Sigma Algebra: Seeking Help on Closure & Countable Unions

[Arenholt]

Hi everyone, didn't know where to post question on sigma algebra so here it is:-
View attachment 5671

What I've tried till now:
Let \(\displaystyle C\in G\)
1) For \(\displaystyle C=X, f^{-1}(B)=X\) which will be true for \(\displaystyle B=Y\) (by definition)
2) For closure under complementation, to show \(\displaystyle C^{c}\in G. So, C^{c}=X\setminus C=X\setminus f^{-1}(B)=f^{-1}(Y)\setminus f^{-1}(B).\)

Can someone suggest how to proceed from here in order to show that the set G is closed under complementation? And how to prove the third property of Countable unions of subsets of X lying in G?
Thanks

 

[caffeinemachine]

Hi everyone, didn't know where to post question on sigma algebra so here it is:-What I've tried till now:
Let \(\displaystyle C\in G\)
1) For \(\displaystyle C=X, f^{-1}(B)=X\) which will be true for \(\displaystyle B=Y\) (by definition)
2) For closure under complementation, to show \(\displaystyle C^{c}\in G. So, C^{c}=X\setminus C=X\setminus f^{-1}(B)=f^{-1}(Y)\setminus f^{-1}(B).\)

Can someone suggest how to proceed from here in order to show that the set G is closed under complementation? And how to prove the third property of Countable unions of subsets of X lying in G?
Thanks

Note that $f^{-1}(Y)\setminus f^{-1}(B)=f^{-1}(Y\setminus B)$. Now since $B$ is in the sigma algebra, so is $Y\setminus B$.

 

[Arenholt]

Note that $f^{-1}(Y)\setminus f^{-1}(B)=f^{-1}(Y\setminus B)$. Now since $B$ is in the sigma algebra, so is $Y\setminus B$.

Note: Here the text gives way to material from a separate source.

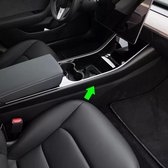 Tesla Model 3 Mat Zwarte Middenconsole Afwerking Cover Auto Interieur Accessoires Nederland België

This is exactly what I am trying to wrap my head around. I thought of this but how is $f^{-1}(Y)\setminus f^{-1}(B)$ equal to $f^{-1}(Y\setminus B)$.

 

[caffeinemachine]

This is exactly what I am trying to wrap my head around. I thought of this but how is $f^{-1}(Y)\setminus f^{-1}(B)$ equal to $f^{-1}(Y\setminus B)$.

To show that a set $A$ is equal to a set $B$, we show that $A\subseteq B$ and $B\subseteq A$.

Now we want to show $f^{-1}(Y)-f^{-1}(B)=f^{-1}(Y-B)$.

Step 1: We show $f^{-1}(Y)-f^{-1}(B)\subseteq f^{-1}(Y-B)$. To do this, pick $x\in f^{-1}(Y)-f^{-1}(B)$ arbitrarily. All we need to do is show that $x\in f^{-1}(Y-B)$. Now saying that $x\in f^{-1}(Y)-f^{-1}(B)$ is same as saying that $x\notin f^{-1}(B)$ since $X=f^{-1}(Y)$. This in turn is equivalent to saying that $f(x)\notin B$. Thus $f(x)\in Y-B$. This means the same thing as $x\in f^{-1}(Y-B)$ and we are done with step 1.

Can you do step 2, that is, show the reverse containment?

It is useful to draw some pictures to get an intuition about these things. Make a blob denoting $Y$ and a subblob denoting B etc.